Directionally selective motion detection in the sustaining fibers of the crayfish optic nerve: linear and nonlinear mechanisms.

1. Directional selectivity of crayfish sustaining fibers was examined with drifting sine wave gratings and with intracellular and extracellular recordings. Directionality was measured for variations in stimulus contrast, spatial frequency, and temporal frequency. 2. Sustaining fibers exhibit directional selectivity in the magnitude of the compound postsynaptic potential (PSP), the impulse frequency modulation response, and the mean firing rate. The mean synaptic potential is insensitive to direction.

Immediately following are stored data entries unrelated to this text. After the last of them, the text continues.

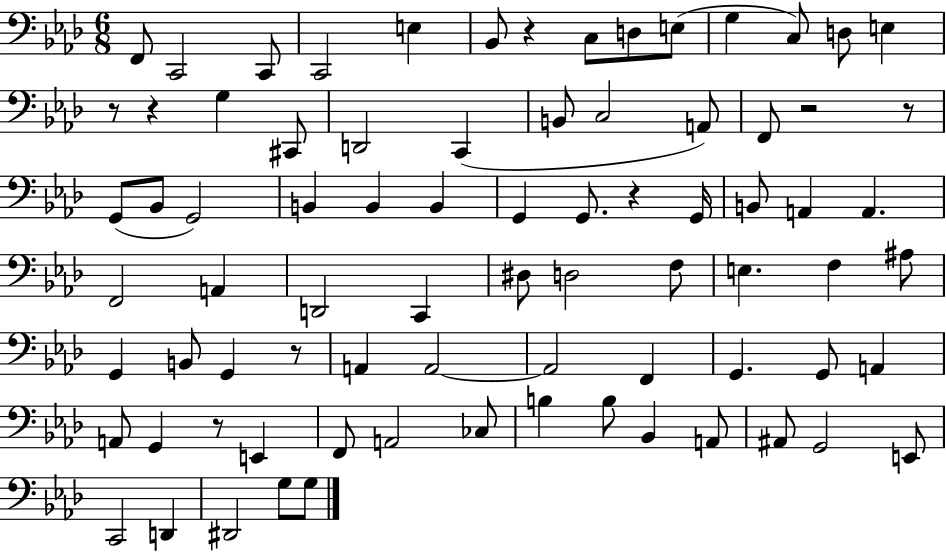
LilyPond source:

{
  \clef bass
  \numericTimeSignature
  \time 6/8
  \key aes \major
  f,8 c,2 c,8 | c,2 e4 | bes,8 r4 c8 d8 e8( | g4 c8) d8 e4 | \break r8 r4 g4 cis,8 | d,2 c,4( | b,8 c2 a,8) | f,8 r2 r8 | \break g,8( bes,8 g,2) | b,4 b,4 b,4 | g,4 g,8. r4 g,16 | b,8 a,4 a,4. | \break f,2 a,4 | d,2 c,4 | dis8 d2 f8 | e4. f4 ais8 | \break g,4 b,8 g,4 r8 | a,4 a,2~~ | a,2 f,4 | g,4. g,8 a,4 | \break a,8 g,4 r8 e,4 | f,8 a,2 ces8 | b4 b8 bes,4 a,8 | ais,8 g,2 e,8 | \break c,2 d,4 | dis,2 g8 g8 | \bar "|."
}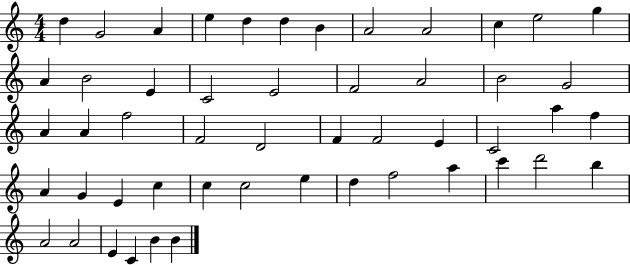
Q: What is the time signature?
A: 4/4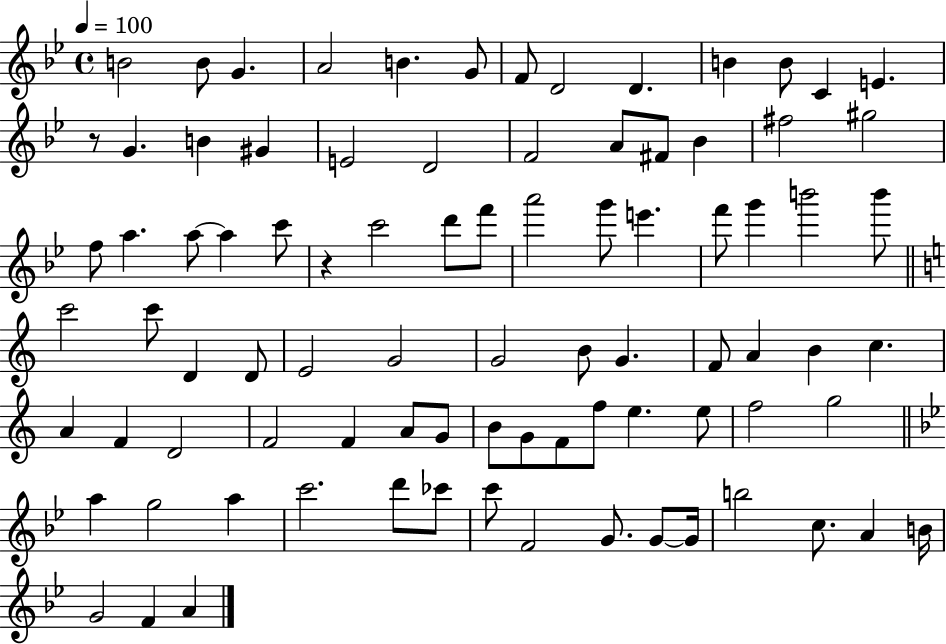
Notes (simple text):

B4/h B4/e G4/q. A4/h B4/q. G4/e F4/e D4/h D4/q. B4/q B4/e C4/q E4/q. R/e G4/q. B4/q G#4/q E4/h D4/h F4/h A4/e F#4/e Bb4/q F#5/h G#5/h F5/e A5/q. A5/e A5/q C6/e R/q C6/h D6/e F6/e A6/h G6/e E6/q. F6/e G6/q B6/h B6/e C6/h C6/e D4/q D4/e E4/h G4/h G4/h B4/e G4/q. F4/e A4/q B4/q C5/q. A4/q F4/q D4/h F4/h F4/q A4/e G4/e B4/e G4/e F4/e F5/e E5/q. E5/e F5/h G5/h A5/q G5/h A5/q C6/h. D6/e CES6/e C6/e F4/h G4/e. G4/e G4/s B5/h C5/e. A4/q B4/s G4/h F4/q A4/q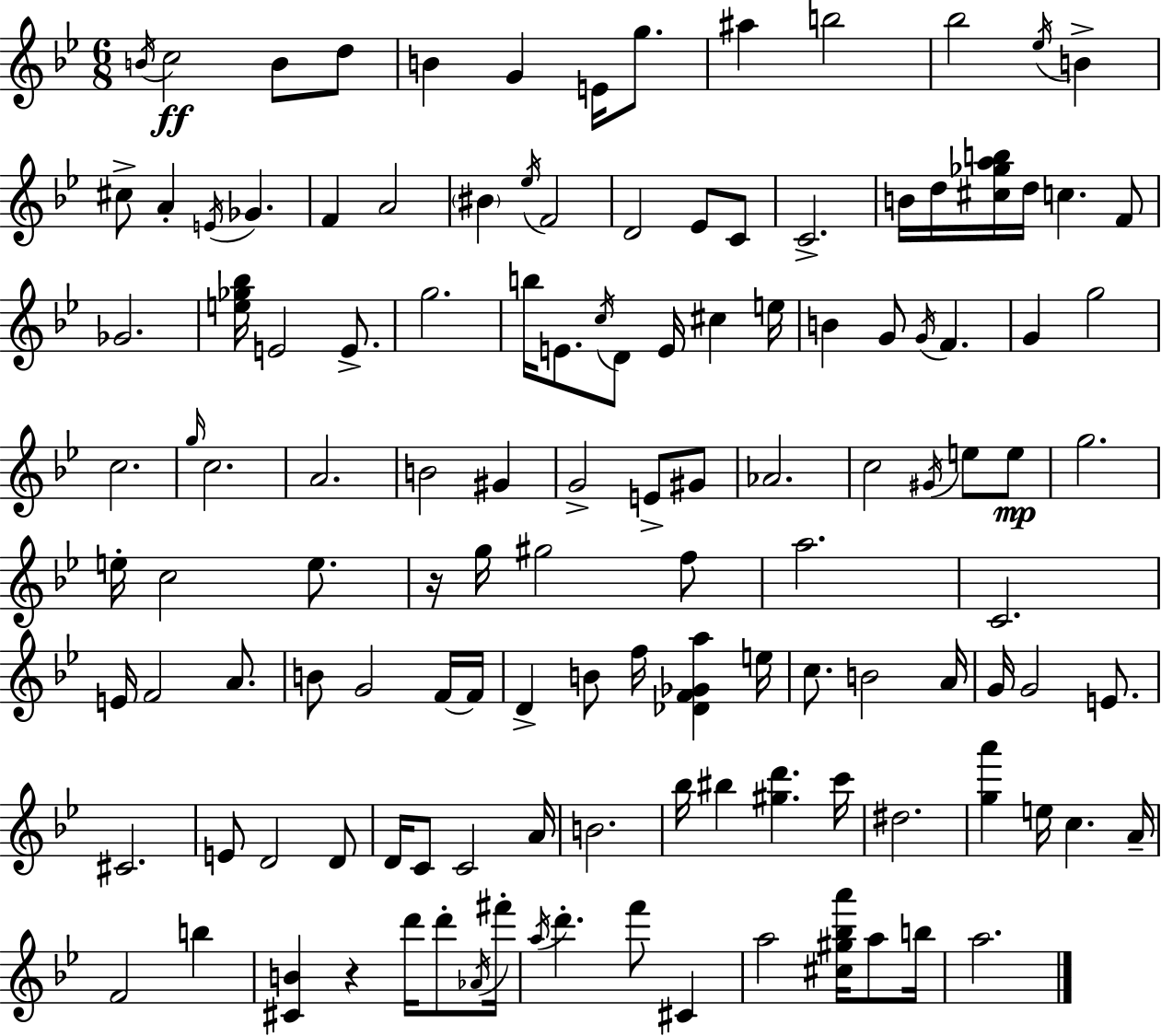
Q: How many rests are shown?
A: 2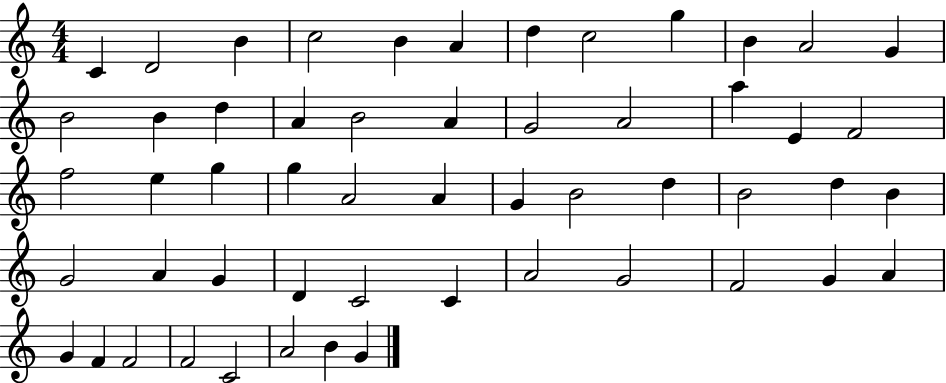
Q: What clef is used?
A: treble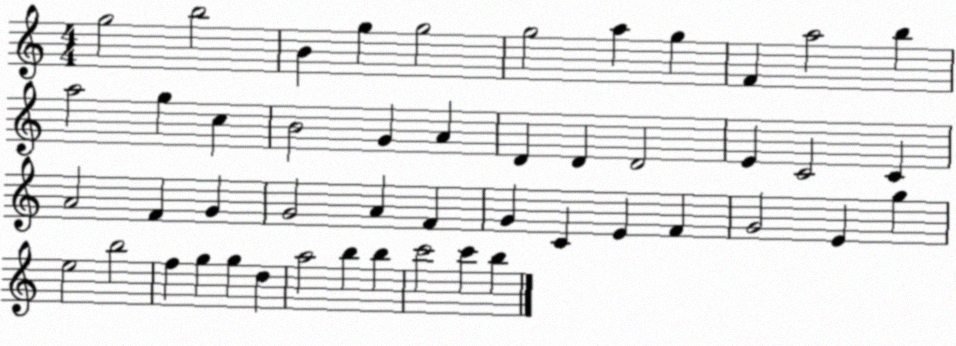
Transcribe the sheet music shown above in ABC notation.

X:1
T:Untitled
M:4/4
L:1/4
K:C
g2 b2 B g g2 g2 a g F a2 b a2 g c B2 G A D D D2 E C2 C A2 F G G2 A F G C E F G2 E g e2 b2 f g g d a2 b b c'2 c' b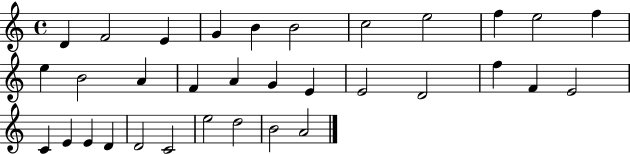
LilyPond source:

{
  \clef treble
  \time 4/4
  \defaultTimeSignature
  \key c \major
  d'4 f'2 e'4 | g'4 b'4 b'2 | c''2 e''2 | f''4 e''2 f''4 | \break e''4 b'2 a'4 | f'4 a'4 g'4 e'4 | e'2 d'2 | f''4 f'4 e'2 | \break c'4 e'4 e'4 d'4 | d'2 c'2 | e''2 d''2 | b'2 a'2 | \break \bar "|."
}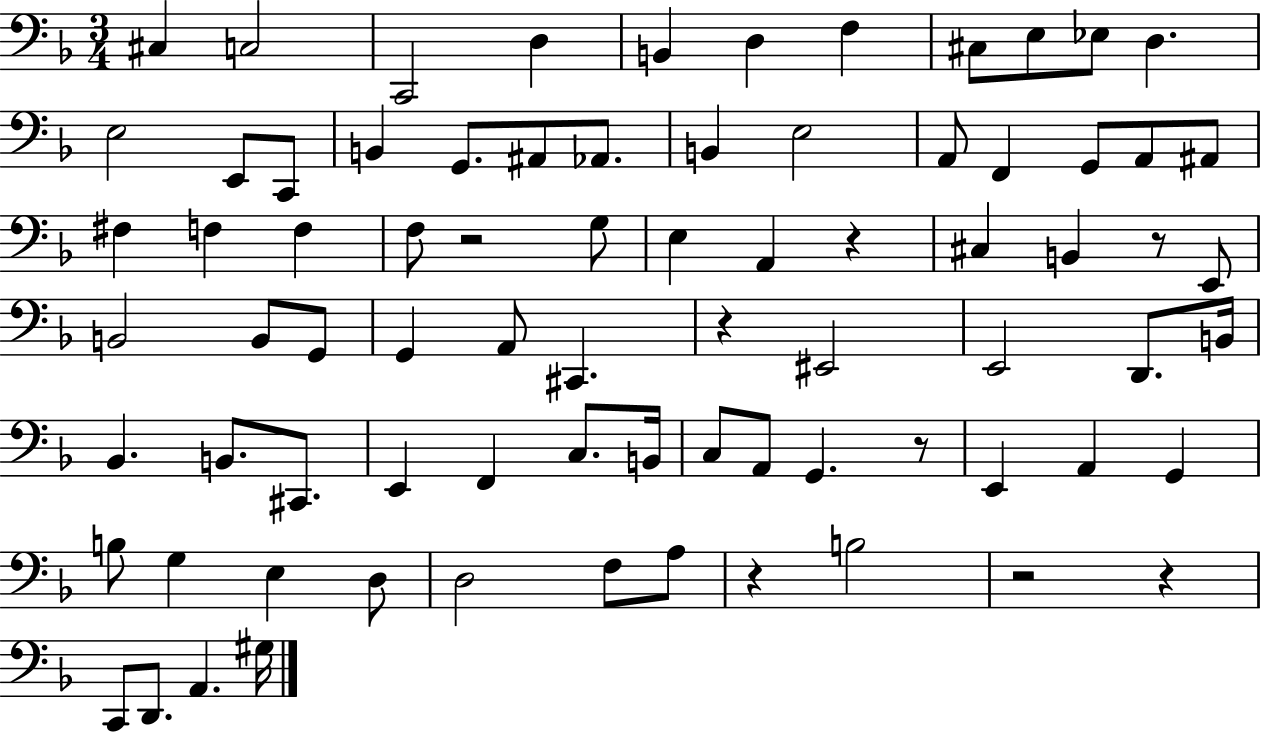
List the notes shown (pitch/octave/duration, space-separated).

C#3/q C3/h C2/h D3/q B2/q D3/q F3/q C#3/e E3/e Eb3/e D3/q. E3/h E2/e C2/e B2/q G2/e. A#2/e Ab2/e. B2/q E3/h A2/e F2/q G2/e A2/e A#2/e F#3/q F3/q F3/q F3/e R/h G3/e E3/q A2/q R/q C#3/q B2/q R/e E2/e B2/h B2/e G2/e G2/q A2/e C#2/q. R/q EIS2/h E2/h D2/e. B2/s Bb2/q. B2/e. C#2/e. E2/q F2/q C3/e. B2/s C3/e A2/e G2/q. R/e E2/q A2/q G2/q B3/e G3/q E3/q D3/e D3/h F3/e A3/e R/q B3/h R/h R/q C2/e D2/e. A2/q. G#3/s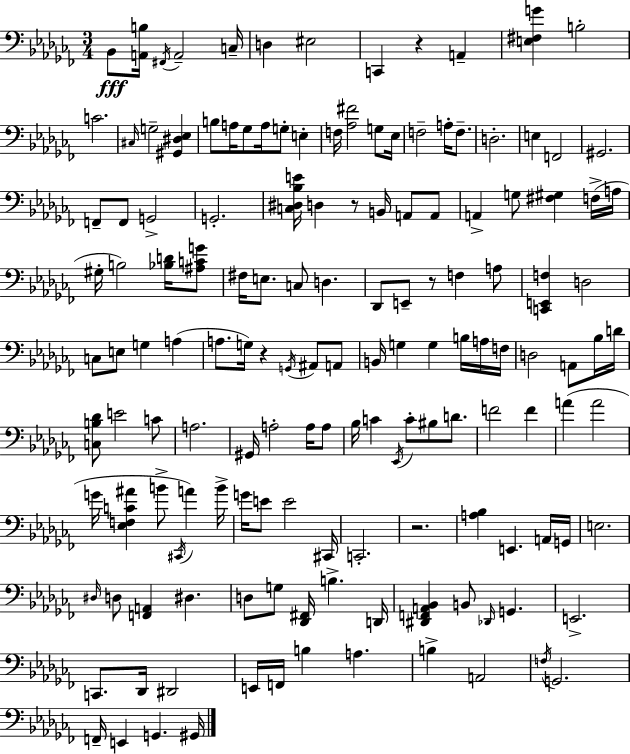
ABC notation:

X:1
T:Untitled
M:3/4
L:1/4
K:Abm
_B,,/2 [A,,B,]/4 ^F,,/4 A,,2 C,/4 D, ^E,2 C,, z A,, [E,^F,G] B,2 C2 ^C,/4 G,2 [^G,,^D,_E,] B,/2 A,/4 _G,/2 A,/4 G,/2 E, F,/4 [_A,^F]2 G,/2 _E,/4 F,2 A,/4 F,/2 D,2 E, F,,2 ^G,,2 F,,/2 F,,/2 G,,2 G,,2 [C,^D,_B,E]/4 D, z/2 B,,/4 A,,/2 A,,/2 A,, G,/2 [^F,^G,] F,/4 A,/4 ^G,/4 B,2 [_B,D]/4 [^A,CG]/2 ^F,/4 E,/2 C,/2 D, _D,,/2 E,,/2 z/2 F, A,/2 [C,,E,,F,] D,2 C,/2 E,/2 G, A, A,/2 G,/4 z G,,/4 ^A,,/2 A,,/2 B,,/4 G, G, B,/4 A,/4 F,/4 D,2 A,,/2 _B,/4 D/4 [C,B,_D]/2 E2 C/2 A,2 ^G,,/4 A,2 A,/4 A,/2 _B,/4 C _E,,/4 C/2 ^B,/2 D/2 F2 F A A2 G/4 [_E,F,C^A] B/2 ^C,,/4 A B/4 G/4 E/2 E2 ^C,,/4 C,,2 z2 [A,_B,] E,, A,,/4 G,,/4 E,2 ^D,/4 D,/2 [F,,A,,] ^D, D,/2 G,/2 [_D,,^F,,]/4 B, D,,/4 [^D,,F,,A,,_B,,] B,,/2 _D,,/4 G,, E,,2 C,,/2 _D,,/4 ^D,,2 E,,/4 F,,/4 B, A, B, A,,2 F,/4 G,,2 F,,/4 E,, G,, ^G,,/4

The directionality of the mean impulse rate appears to arise by rectification in the voltage-to-impulse transduction. 3. The preferred directions of three identified sustaining fibers are similar to those of head-down optomotor neurons to which these sustaining fibers project. 4. The modulatory response, elicited by gratings drifting in the preferred direction, increased linearly with contrast until saturation (typically at a contrast of 0.5), where maximum directional selectivity obtains. 5. The magnitude of the directional response is a band-pass function of spatial and temporal frequency and exhibits reversal of directionality (i.e., aliasing) at high spatial and temporal frequencies. The results imply a spatial sampling interval of 4.5 degrees and a temperature-dependent inhibitory delay of 40-90 ms. The PSP modulation response shares several features with that of neighboring tangential (Tan1) neurons. 6. A qualitative model is proposed for the transformation of a phase-sensitive, linear directional response to a phase-insensitive and nonlinear time-averaged response, based on the functional connections from Tan1 neurons to sustaining fibers to optomotor neurons. The model includes a threshold rectification, a synaptic band-pass filter, and differences in temporal phase among converging modulatory signals.